» **YOUR ASSIGNMENT**
Images don't belong in the copy. Output the rest of the data exactly.

» **RAW DATA**
---
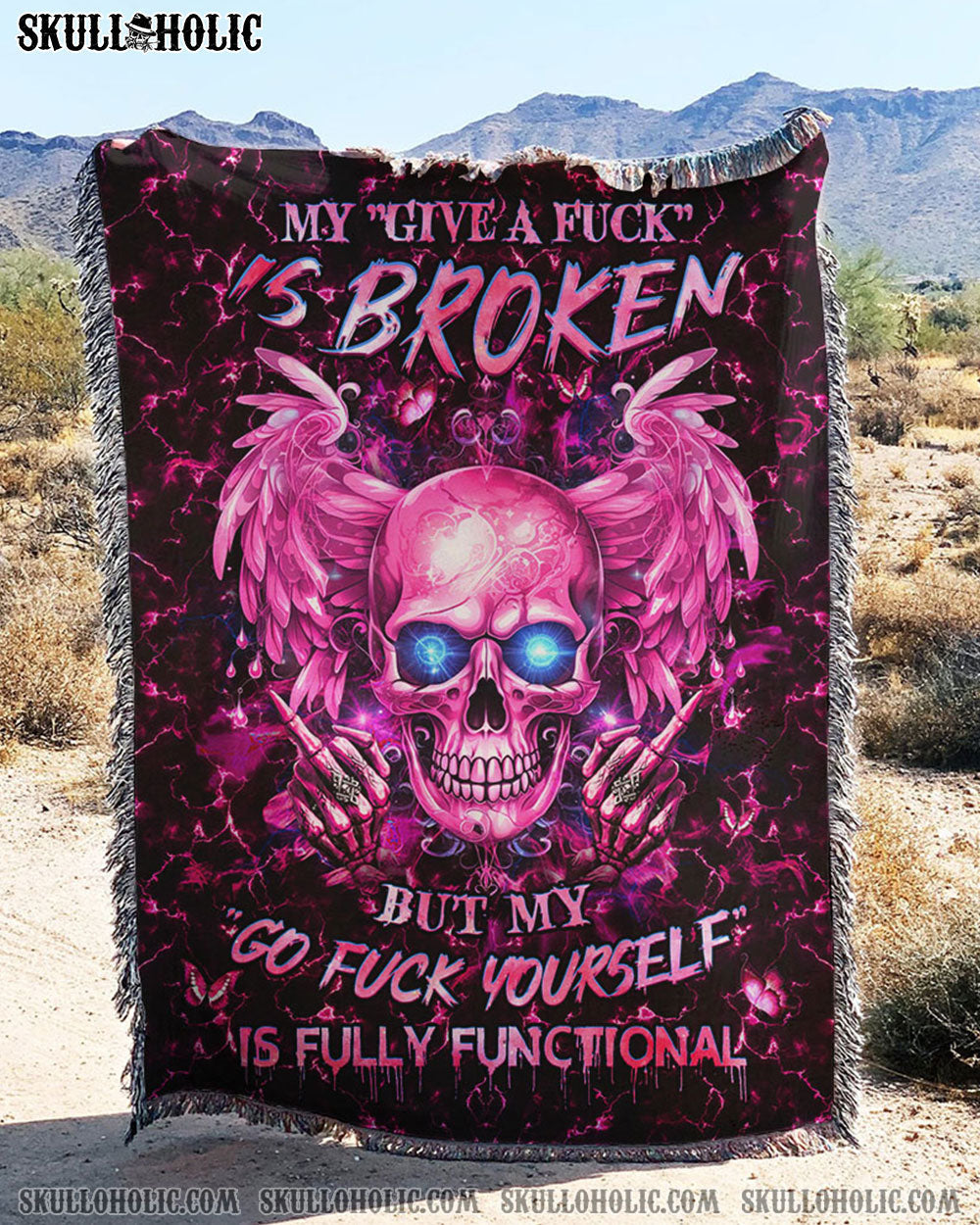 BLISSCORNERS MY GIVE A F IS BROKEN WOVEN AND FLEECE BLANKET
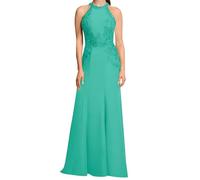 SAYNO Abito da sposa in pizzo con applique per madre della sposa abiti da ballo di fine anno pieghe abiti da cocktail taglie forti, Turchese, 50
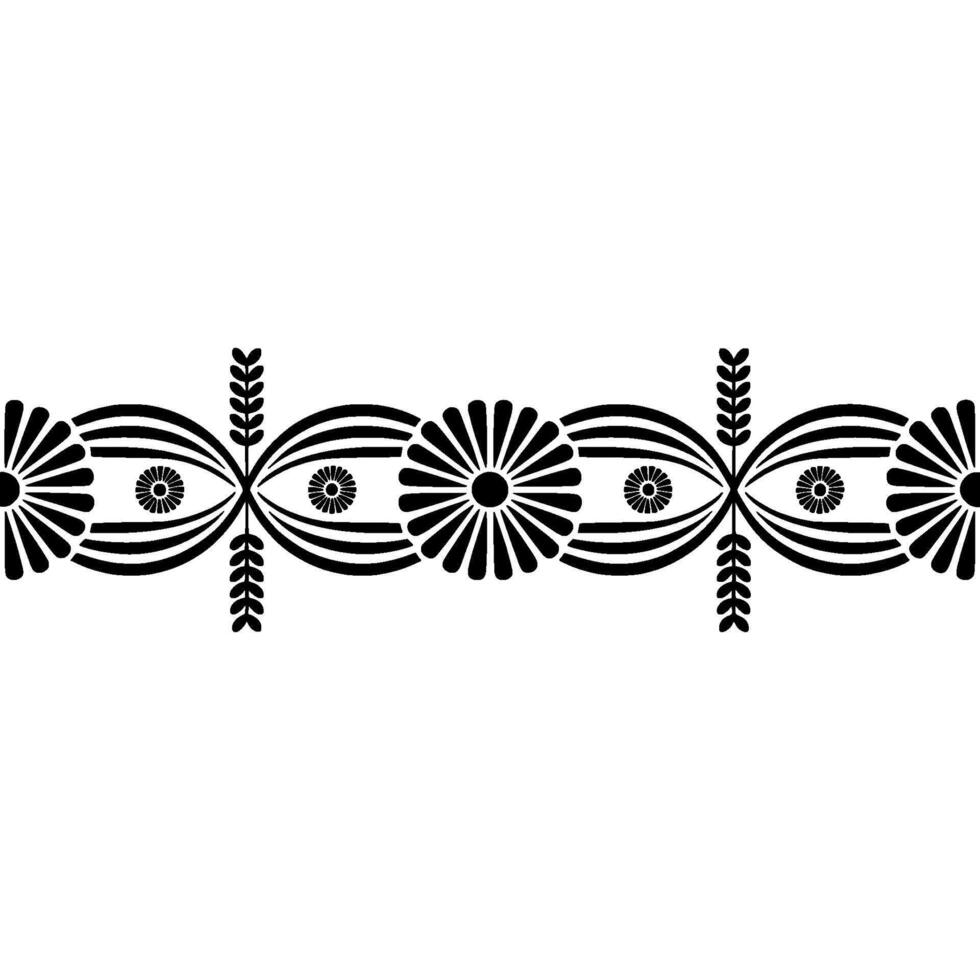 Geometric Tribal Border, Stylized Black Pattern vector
---
» **EXERCISE RESPONSE**
 BLISSCORNERS MY GIVE A F IS BROKEN WOVEN AND FLEECE BLANKET
 SAYNO Abito da sposa in pizzo con applique per madre della sposa abiti da ballo di fine anno pieghe abiti da cocktail taglie forti, Turchese, 50
 Geometric Tribal Border, Stylized Black Pattern vector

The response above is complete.